## PROMPT
Please give back an exact reproduction of the lines from the one with "2027 Chevrolet Equinox FWD LT" through the end of the entries below, and no others.

-------- ENTRIES SUPPLIED --------

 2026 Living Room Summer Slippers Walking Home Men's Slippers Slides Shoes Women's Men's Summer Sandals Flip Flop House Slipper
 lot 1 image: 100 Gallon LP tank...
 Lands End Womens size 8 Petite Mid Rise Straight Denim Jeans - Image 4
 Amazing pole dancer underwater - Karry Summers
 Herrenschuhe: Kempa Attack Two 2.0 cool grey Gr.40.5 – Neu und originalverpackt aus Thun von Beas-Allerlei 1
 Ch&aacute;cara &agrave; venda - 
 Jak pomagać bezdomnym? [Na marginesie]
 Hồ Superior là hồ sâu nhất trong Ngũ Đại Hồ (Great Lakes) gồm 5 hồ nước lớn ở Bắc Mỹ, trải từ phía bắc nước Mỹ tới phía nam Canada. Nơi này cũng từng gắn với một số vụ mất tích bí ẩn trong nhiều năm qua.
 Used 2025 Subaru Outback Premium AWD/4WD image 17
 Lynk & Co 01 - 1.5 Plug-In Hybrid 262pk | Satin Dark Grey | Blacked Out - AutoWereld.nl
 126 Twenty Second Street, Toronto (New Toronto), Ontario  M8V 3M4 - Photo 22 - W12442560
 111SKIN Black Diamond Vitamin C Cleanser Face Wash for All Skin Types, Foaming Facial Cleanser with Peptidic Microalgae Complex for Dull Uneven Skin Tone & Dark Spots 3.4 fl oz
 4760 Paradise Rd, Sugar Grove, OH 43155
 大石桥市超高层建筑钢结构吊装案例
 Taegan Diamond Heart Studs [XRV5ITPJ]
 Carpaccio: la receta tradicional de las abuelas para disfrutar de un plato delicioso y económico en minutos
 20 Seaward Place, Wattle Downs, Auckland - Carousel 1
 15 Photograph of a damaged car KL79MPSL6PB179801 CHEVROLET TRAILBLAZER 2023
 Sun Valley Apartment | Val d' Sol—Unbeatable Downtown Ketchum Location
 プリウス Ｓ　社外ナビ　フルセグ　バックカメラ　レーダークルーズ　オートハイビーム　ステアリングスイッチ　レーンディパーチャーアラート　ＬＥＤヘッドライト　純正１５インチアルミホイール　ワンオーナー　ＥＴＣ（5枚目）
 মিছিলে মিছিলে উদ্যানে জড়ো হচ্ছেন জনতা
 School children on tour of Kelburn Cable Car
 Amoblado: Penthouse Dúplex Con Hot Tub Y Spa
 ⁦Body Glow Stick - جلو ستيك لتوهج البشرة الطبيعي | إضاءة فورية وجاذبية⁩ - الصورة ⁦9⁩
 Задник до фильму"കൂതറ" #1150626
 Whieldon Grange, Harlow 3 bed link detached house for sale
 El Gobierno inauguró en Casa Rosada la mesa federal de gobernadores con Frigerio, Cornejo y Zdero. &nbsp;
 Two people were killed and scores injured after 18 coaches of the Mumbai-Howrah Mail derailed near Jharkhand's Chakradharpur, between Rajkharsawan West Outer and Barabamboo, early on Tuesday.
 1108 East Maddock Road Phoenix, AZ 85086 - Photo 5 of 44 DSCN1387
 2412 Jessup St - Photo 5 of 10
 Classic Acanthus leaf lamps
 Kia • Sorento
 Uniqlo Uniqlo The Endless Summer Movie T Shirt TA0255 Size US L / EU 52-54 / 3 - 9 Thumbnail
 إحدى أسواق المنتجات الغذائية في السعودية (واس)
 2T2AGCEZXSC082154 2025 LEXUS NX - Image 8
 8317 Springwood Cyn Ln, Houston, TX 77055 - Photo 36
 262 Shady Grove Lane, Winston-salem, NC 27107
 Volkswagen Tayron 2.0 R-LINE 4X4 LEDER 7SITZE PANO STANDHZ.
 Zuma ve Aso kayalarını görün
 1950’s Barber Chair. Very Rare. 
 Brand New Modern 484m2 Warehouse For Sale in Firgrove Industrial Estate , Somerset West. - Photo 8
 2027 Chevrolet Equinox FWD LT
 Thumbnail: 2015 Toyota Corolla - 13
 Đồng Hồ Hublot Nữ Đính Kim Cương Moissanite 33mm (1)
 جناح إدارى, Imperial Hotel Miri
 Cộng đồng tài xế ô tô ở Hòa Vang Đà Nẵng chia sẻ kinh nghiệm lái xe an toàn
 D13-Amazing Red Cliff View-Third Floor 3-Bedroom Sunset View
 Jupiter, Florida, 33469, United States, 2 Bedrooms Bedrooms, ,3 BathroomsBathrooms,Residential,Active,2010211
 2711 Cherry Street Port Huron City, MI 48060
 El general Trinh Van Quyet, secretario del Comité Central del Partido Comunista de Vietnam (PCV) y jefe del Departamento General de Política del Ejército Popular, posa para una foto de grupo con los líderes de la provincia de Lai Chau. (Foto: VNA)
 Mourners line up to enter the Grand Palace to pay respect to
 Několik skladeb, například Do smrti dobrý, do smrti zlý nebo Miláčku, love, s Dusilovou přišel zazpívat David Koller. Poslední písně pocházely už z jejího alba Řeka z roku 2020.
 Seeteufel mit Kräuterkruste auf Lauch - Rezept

--------

## RESPONSE FOR THIS EXERCISE
 2027 Chevrolet Equinox FWD LT
 Thumbnail: 2015 Toyota Corolla - 13
 Đồng Hồ Hublot Nữ Đính Kim Cương Moissanite 33mm (1)
 جناح إدارى, Imperial Hotel Miri
 Cộng đồng tài xế ô tô ở Hòa Vang Đà Nẵng chia sẻ kinh nghiệm lái xe an toàn
 D13-Amazing Red Cliff View-Third Floor 3-Bedroom Sunset View
 Jupiter, Florida, 33469, United States, 2 Bedrooms Bedrooms, ,3 BathroomsBathrooms,Residential,Active,2010211
 2711 Cherry Street Port Huron City, MI 48060
 El general Trinh Van Quyet, secretario del Comité Central del Partido Comunista de Vietnam (PCV) y jefe del Departamento General de Política del Ejército Popular, posa para una foto de grupo con los líderes de la provincia de Lai Chau. (Foto: VNA)
 Mourners line up to enter the Grand Palace to pay respect to
 Několik skladeb, například Do smrti dobrý, do smrti zlý nebo Miláčku, love, s Dusilovou přišel zazpívat David Koller. Poslední písně pocházely už z jejího alba Řeka z roku 2020.
 Seeteufel mit Kräuterkruste auf Lauch - Rezept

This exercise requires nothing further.